__SUPPLIED DATA__

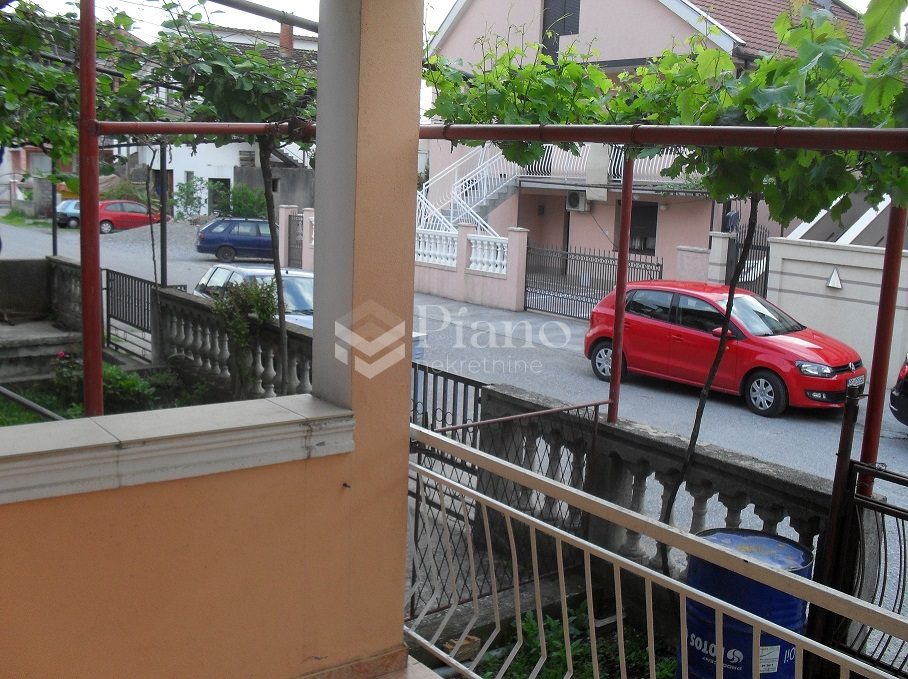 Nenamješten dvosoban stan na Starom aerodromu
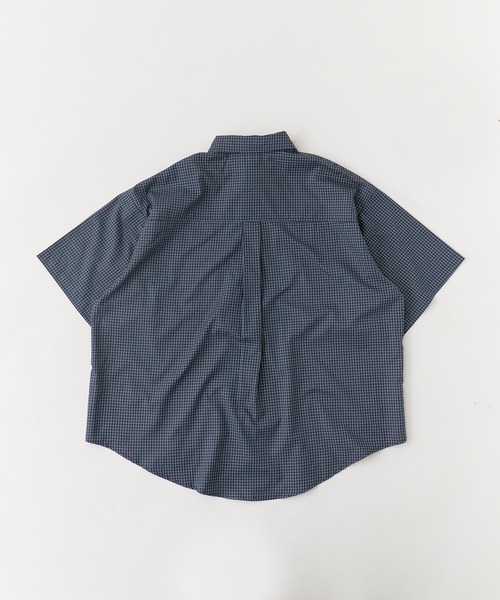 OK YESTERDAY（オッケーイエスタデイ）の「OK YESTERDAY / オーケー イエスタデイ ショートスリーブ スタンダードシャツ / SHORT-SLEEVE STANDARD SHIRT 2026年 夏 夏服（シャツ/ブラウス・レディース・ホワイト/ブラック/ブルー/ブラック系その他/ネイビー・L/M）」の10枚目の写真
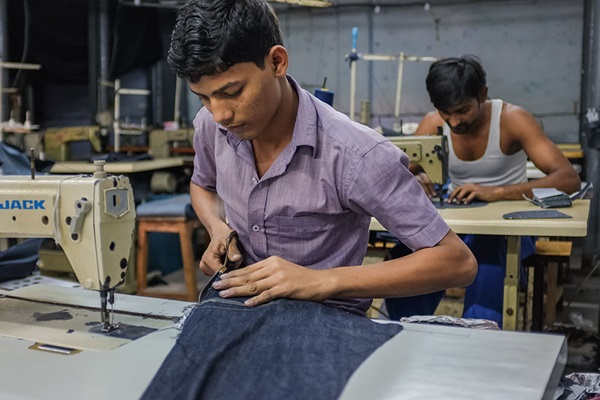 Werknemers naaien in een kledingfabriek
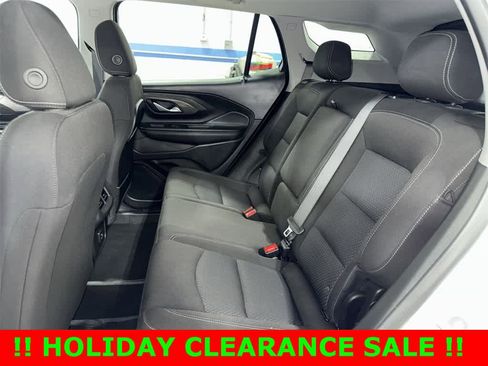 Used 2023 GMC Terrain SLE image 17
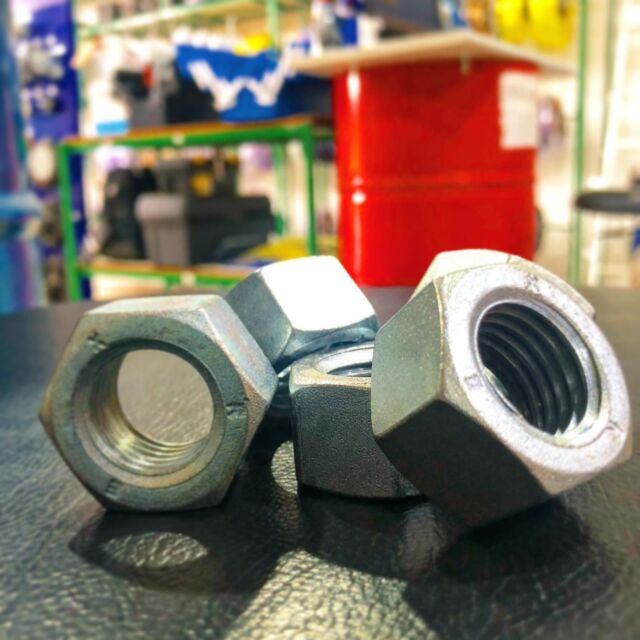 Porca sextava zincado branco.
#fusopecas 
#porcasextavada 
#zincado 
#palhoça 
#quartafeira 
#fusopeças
==
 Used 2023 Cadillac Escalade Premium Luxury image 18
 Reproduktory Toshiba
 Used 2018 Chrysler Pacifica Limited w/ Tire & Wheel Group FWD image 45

__TASK PROMPT__
Looking above, find the stretch of lines that opens with the one holding "Nenamješten dvosoban stan" and closes with the one holding "Werknemers naaien in een kledingfabriek". Copy it exactly, pictures excluded.

__SOLUTION TO THE EXERCISE__
 Nenamješten dvosoban stan na Starom aerodromu
 OK YESTERDAY（オッケーイエスタデイ）の「OK YESTERDAY / オーケー イエスタデイ ショートスリーブ スタンダードシャツ / SHORT-SLEEVE STANDARD SHIRT 2026年 夏 夏服（シャツ/ブラウス・レディース・ホワイト/ブラック/ブルー/ブラック系その他/ネイビー・L/M）」の10枚目の写真
 Werknemers naaien in een kledingfabriek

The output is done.